WORK ORDER:
This calls for a verbatim copy of all the data, with no images carried over.

INPUT DATA:
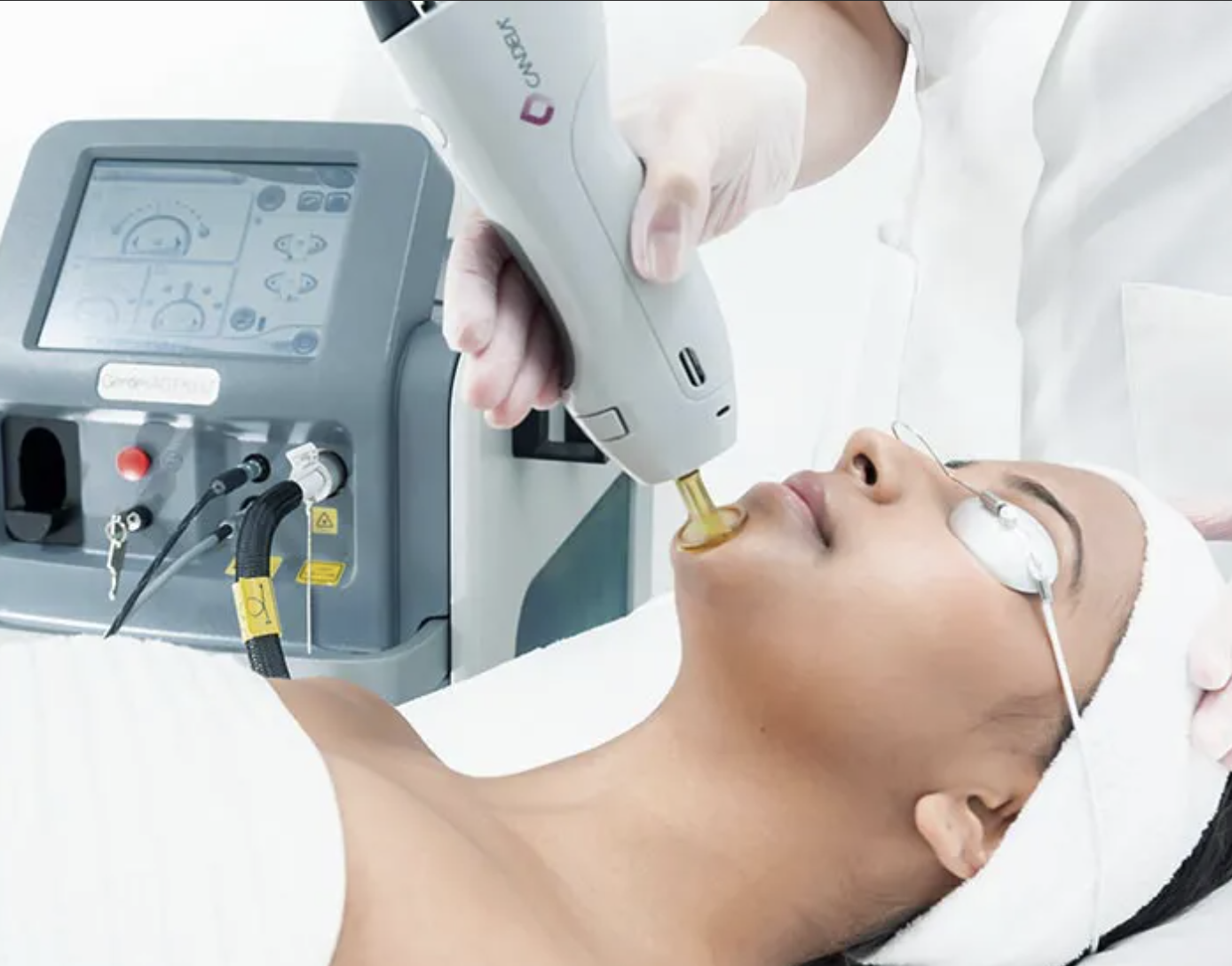 candela laser vein removal windsor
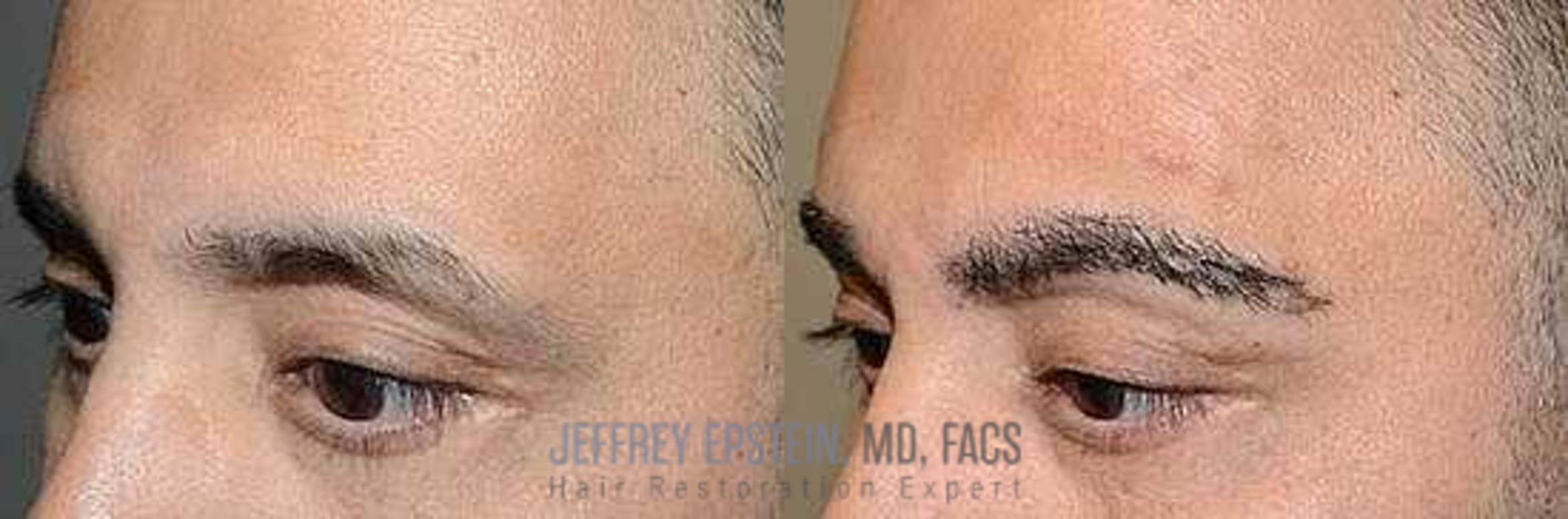 Before & After Hair Transplants For Men Case 133 View 2 View in Miami, FL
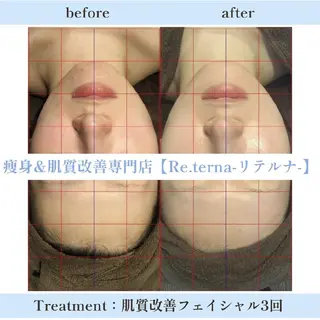 肌質改善専門店 Re.terna田辺のエステ・リラクイメージ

SOLVED EXERCISE:
 candela laser vein removal windsor
 Before & After Hair Transplants For Men Case 133 View 2 View in Miami, FL
 肌質改善専門店 Re.terna田辺のエステ・リラクイメージ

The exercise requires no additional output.